Activity ▸
Once the line containing "パンチングレザー使いハンドバッグ" has been printed, stop; print every line before it exactly, starting at the top of the material below.

Source records ▸
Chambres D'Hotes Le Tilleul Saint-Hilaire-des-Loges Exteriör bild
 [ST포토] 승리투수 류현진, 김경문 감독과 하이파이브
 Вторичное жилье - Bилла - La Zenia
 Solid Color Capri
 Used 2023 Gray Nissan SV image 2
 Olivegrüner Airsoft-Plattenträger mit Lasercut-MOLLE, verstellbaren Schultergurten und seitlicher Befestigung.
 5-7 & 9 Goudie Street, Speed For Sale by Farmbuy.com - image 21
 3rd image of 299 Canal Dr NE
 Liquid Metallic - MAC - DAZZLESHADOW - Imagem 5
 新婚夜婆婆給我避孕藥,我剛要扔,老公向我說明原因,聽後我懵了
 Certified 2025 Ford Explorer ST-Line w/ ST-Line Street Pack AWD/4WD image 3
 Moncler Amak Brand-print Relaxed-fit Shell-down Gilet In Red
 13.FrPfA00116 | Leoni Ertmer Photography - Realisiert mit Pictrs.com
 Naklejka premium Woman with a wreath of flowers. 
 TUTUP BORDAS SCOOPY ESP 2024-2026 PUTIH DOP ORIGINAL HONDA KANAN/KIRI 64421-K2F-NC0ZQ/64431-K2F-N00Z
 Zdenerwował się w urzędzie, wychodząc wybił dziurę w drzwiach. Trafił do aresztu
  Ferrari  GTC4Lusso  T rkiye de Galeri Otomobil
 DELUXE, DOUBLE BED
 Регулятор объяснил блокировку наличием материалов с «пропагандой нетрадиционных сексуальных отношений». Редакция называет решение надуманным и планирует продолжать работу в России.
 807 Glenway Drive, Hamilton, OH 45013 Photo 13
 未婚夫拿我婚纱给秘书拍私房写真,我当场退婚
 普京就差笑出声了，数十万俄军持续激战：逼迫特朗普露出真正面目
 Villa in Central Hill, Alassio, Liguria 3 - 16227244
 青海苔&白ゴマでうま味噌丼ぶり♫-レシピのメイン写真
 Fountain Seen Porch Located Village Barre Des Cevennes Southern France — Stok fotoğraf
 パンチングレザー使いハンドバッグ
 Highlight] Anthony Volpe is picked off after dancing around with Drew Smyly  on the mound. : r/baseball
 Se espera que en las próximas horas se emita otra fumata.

Task response ▸
Chambres D'Hotes Le Tilleul Saint-Hilaire-des-Loges Exteriör bild
 [ST포토] 승리투수 류현진, 김경문 감독과 하이파이브
 Вторичное жилье - Bилла - La Zenia
 Solid Color Capri
 Used 2023 Gray Nissan SV image 2
 Olivegrüner Airsoft-Plattenträger mit Lasercut-MOLLE, verstellbaren Schultergurten und seitlicher Befestigung.
 5-7 & 9 Goudie Street, Speed For Sale by Farmbuy.com - image 21
 3rd image of 299 Canal Dr NE
 Liquid Metallic - MAC - DAZZLESHADOW - Imagem 5
 新婚夜婆婆給我避孕藥,我剛要扔,老公向我說明原因,聽後我懵了
 Certified 2025 Ford Explorer ST-Line w/ ST-Line Street Pack AWD/4WD image 3
 Moncler Amak Brand-print Relaxed-fit Shell-down Gilet In Red
 13.FrPfA00116 | Leoni Ertmer Photography - Realisiert mit Pictrs.com
 Naklejka premium Woman with a wreath of flowers. 
 TUTUP BORDAS SCOOPY ESP 2024-2026 PUTIH DOP ORIGINAL HONDA KANAN/KIRI 64421-K2F-NC0ZQ/64431-K2F-N00Z
 Zdenerwował się w urzędzie, wychodząc wybił dziurę w drzwiach. Trafił do aresztu
  Ferrari  GTC4Lusso  T rkiye de Galeri Otomobil
 DELUXE, DOUBLE BED
 Регулятор объяснил блокировку наличием материалов с «пропагандой нетрадиционных сексуальных отношений». Редакция называет решение надуманным и планирует продолжать работу в России.
 807 Glenway Drive, Hamilton, OH 45013 Photo 13
 未婚夫拿我婚纱给秘书拍私房写真,我当场退婚
 普京就差笑出声了，数十万俄军持续激战：逼迫特朗普露出真正面目
 Villa in Central Hill, Alassio, Liguria 3 - 16227244
 青海苔&白ゴマでうま味噌丼ぶり♫-レシピのメイン写真
 Fountain Seen Porch Located Village Barre Des Cevennes Southern France — Stok fotoğraf
 パンチングレザー使いハンドバッグ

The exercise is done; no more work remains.